Alberto Contador wins 2010 Tour de France

Spanish rider Alberto Contador has claimed his third Tour de France win after securing the victory yesterday in a 32.3 mile long individual time trial that ran across the French countryside from Bordeaux to Pauillac. Despite being pushed to the limit by his rival, Luxembourg’s Andy Schleck, Contador extended his lead in the race, winning by 39 seconds. Today, he’ll finish off the 2010 Tour by taking the ceremonial ride into Paris wearing the leader’s Yellow Jersey, while the top sprinters vie for one last stage win on the Champs Elysees.

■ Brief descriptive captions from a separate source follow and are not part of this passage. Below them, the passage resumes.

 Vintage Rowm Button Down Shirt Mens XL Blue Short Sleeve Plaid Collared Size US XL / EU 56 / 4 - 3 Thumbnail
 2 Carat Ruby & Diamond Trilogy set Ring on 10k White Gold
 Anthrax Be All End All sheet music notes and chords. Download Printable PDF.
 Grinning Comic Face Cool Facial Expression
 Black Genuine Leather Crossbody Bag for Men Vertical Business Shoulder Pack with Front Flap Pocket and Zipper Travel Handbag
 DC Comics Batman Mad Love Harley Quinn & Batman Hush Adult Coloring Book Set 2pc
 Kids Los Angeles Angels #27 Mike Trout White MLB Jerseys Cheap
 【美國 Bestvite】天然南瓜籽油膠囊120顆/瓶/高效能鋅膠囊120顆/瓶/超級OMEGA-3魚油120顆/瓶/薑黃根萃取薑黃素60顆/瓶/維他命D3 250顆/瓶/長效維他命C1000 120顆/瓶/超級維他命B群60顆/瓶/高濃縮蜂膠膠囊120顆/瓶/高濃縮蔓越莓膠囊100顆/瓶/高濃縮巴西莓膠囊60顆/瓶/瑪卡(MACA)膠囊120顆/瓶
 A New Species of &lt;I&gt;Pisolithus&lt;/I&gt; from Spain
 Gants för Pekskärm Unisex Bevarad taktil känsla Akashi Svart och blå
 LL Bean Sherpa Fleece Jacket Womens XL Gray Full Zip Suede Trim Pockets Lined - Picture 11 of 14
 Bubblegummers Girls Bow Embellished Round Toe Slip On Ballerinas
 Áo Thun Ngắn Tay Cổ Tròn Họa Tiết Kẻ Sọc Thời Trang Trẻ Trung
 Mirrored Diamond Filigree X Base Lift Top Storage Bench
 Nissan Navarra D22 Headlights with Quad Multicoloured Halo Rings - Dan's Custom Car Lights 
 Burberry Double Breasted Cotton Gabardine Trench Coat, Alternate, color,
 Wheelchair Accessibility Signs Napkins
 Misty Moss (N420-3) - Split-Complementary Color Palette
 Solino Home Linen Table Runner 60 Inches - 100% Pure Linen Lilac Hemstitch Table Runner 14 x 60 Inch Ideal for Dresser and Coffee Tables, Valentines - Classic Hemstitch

For the past three weeks, the world’s best cyclists have dueled one another across France, fighting it out most spectacularly in the Alps and the Pyrenees. This year’s route threw some of the toughest climbs ever at the riders, and it was Contador and Schleck who were clearly the two best cyclists in the Peloton. Schleck actually led the race heading into Monday, when the two riders were on the final climb the day. Misfortune hit on the slopes of the Port de Balès, when Schleck dropped a chain and had to stop to make a quick repair. Sensing an opportunity, Contador attacked, gaining more than 30 seconds, and taking the lead in the race for the first time. He never looked back and Schleck was never able to recover.

Today marks the final stage of the race, a 63.6 mile ride from Longjumeau to Paris. Traditionally, the riders don’t attack the Yellow Jersey on the final day, allowing the leader to ride to the finish line in a glorified victory lap. Once there, Contador will take the top of the podium in Yellow, while Schleck will win the White Jersey, which is awarded each year to the Tour’s best young rider under the age of 25. France’s Anthony Charteau has won the Polka Dot Jersey, which goes to the King of the Mountain, the Tour’s best climber, each year. The final jersey to be awarded will be the Green Jersey, which goes to the best sprinter in the race. Sprint points will still be up for grabs on today’s final stage, with three riders in a position to win the title.

In his final ride in the Tour de France, seven-time winner Lance Armstrong finishes in 23rd place, nearly 40 minutes behind Contador.